There is a strange kind of grief that comes with learning how to hold two truths at once.
The world teaches us to think in absolutes.
Good or bad.
Love or anger.
Stay or leave.
Forgive or walk away.
But healing rarely speaks in absolutes.
Healing speaks in contradictions.
Sometimes the hardest thing you will ever learn is that two things can exist together without canceling each other out.
I can grieve someone and still recognize the damage they caused.
I can love someone deeply and still understand they are not safe for me.
I can miss them and still not invite them back into my life.
I can be thankful for what was beautiful while acknowledging what broke me.
Both things can be true.
The crow understands this.
Crows are often painted as omens of death, darkness, ruin. Yet they are fiercely intelligent creatures. Loyal. Protective. They remember kindness. They survive harsh winters and still sing at dawn.
The wolf understands it too.
A wolf can mourn the loss of its pack and still keep moving forward through the snow. Survival does not erase sorrow. Sorrow does not erase survival.
Somewhere between the crow and the wolf is where many of us learn to live.
Not hardened.
Not naïve.
Just awake.
There are moments in life where something beautiful stands beside something unbearable. A person may have loved you in the only way they knew how and still hurt you. A childhood may hold warm memories tangled beside painful ones. Someone can be suffering and still cause suffering.
Recognizing harm does not make you cruel.
Setting boundaries does not make you unloving.
Walking away does not erase compassion.
Sometimes boundaries are the most loving thing we can offer ourselves.
And sometimes the deepest maturity is realizing that acknowledging the good in someone does not require us to ignore the bad.

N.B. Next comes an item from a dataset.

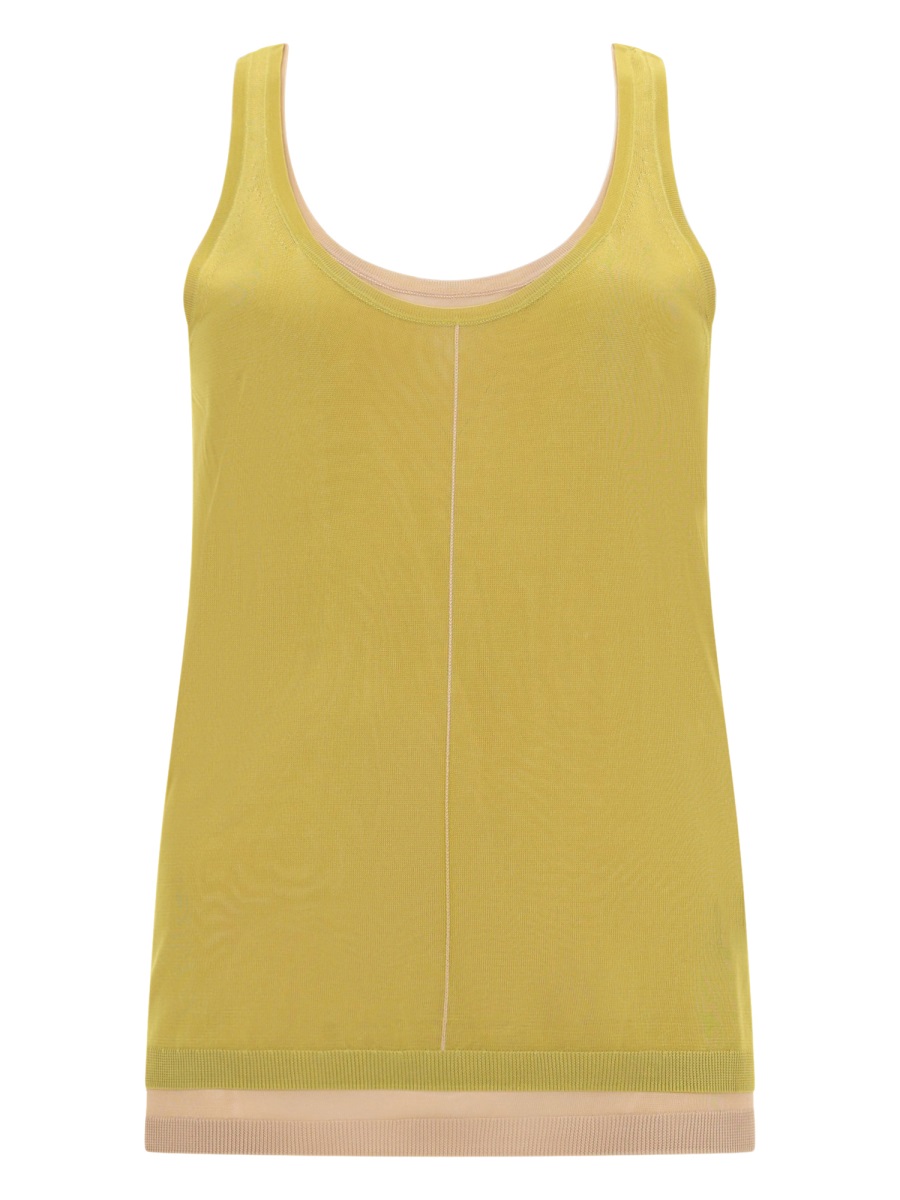 Paul Smith Sleeveless Scoop Neck Smooth Texture Tank Top Groen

That is the difficult middle ground.
The place where crows circle overhead and wolves keep watch at the edge of the trees.
The place where truth becomes layered instead of simple.
You do not have to rewrite your pain to justify your love.
You do not have to deny your love to validate your pain.
You are allowed to hold both.
And maybe that is what healing really is — not choosing one truth over another, but learning how to carry them both without letting either destroy you.